I’ll admit I feared that as I got to the start of the F’s, I was going to have to endure something that maybe I wasn’t up for: Face to Face.
I honestly didn’t remember that much about them, even though I have two of their records, and they have somehow survived every purge I’ve made to date. Two or three of their songs were staples on some key mid-80s mix tapes, but even those aren’t particularly well-remembered.
One of those tapes was called “Pictures of You.” It got the title because there were two songs by that title that came into my collection around the same time, so why not? (And neither of them was by The Cure.) One was by Berlin, the other was from this band, Face to Face.
I particularly remember “Pictures of You” (the tape, not the song) because it suffered from a very odd sound problem that affected how I experienced a lot of the songs on it. At the time, I had a tape deck that was something of a technological marvel: an autoreverse cassette deck. When it got to the end of a side, it would shift its play head and run the tape in the other direction — letting you listen to a tape all the way through without having to get up and flip it over. Now, cassettes already lasted way longer than albums did, 45 minutes to a side, so this was not a big problem, but that and a feature that was supposed to allow you to skip to the next song (which worked well when there was sufficient space between songs) made this thing quite remarkable.
And so it should have been. The problem was in the playback head: because it shifted position based on which direction the tape was playing (it may have actually spun around), it could actually get out of alignment. And when that happened, the music would lose its bottom, just a bit, and sound a bit echoey. So for many of the songs that were on that tape, including those by Face to Face, I think of them as being from a very tinny era — when in fact they were just all on a tinny sounding tape.
And yet that’s almost entirely how I remembered Face to Face. I’ve kept their records but almost never played them. Then I put on the eponymous record for purposes of this blog and . . . well, wow.
This is big, boisterous, fun anthem rock of the kind that I generally don’t have and don’t care for. It’s like a cross between Heart and Pat Benatar. But it’s pretentious in just the right ways, satisfying in its predictability, and just has that exact 1984 sound in a way that is somehow very enjoyable. It’s . . . it’s pretty great. I mean, this is fun. Some call it new wave, which I guess at that point applied to any band with synths, but really, this is pop rock; it’s not mining any new material, it’s just doing it with programmed drums.

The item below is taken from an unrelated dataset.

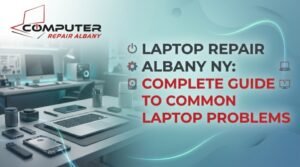 Laptop Repair Albany NY: Complete Guide to Common Laptop Problems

Their song “10-9-8” was a pretty big hit, peaking at No. 38. “Under the Gun” was also released as a single, but every track is pretty good.
It turns out I also have super love for this band for work they did under another name: Fire, Inc. They were the real Attackers (of “Ellen Aim and the Attackers” fame), and Laurie Sargent provided the vocals for Ellen Aim on three songs in the epic movie “Streets of Fire.” They performed the giant hunk of Jim Steinman cheese, “Nowhere Fast,” which I just adore. I will accept no criticism of what may be the finest movie ever made, and anyone who contributed to its greatness is all right in my book.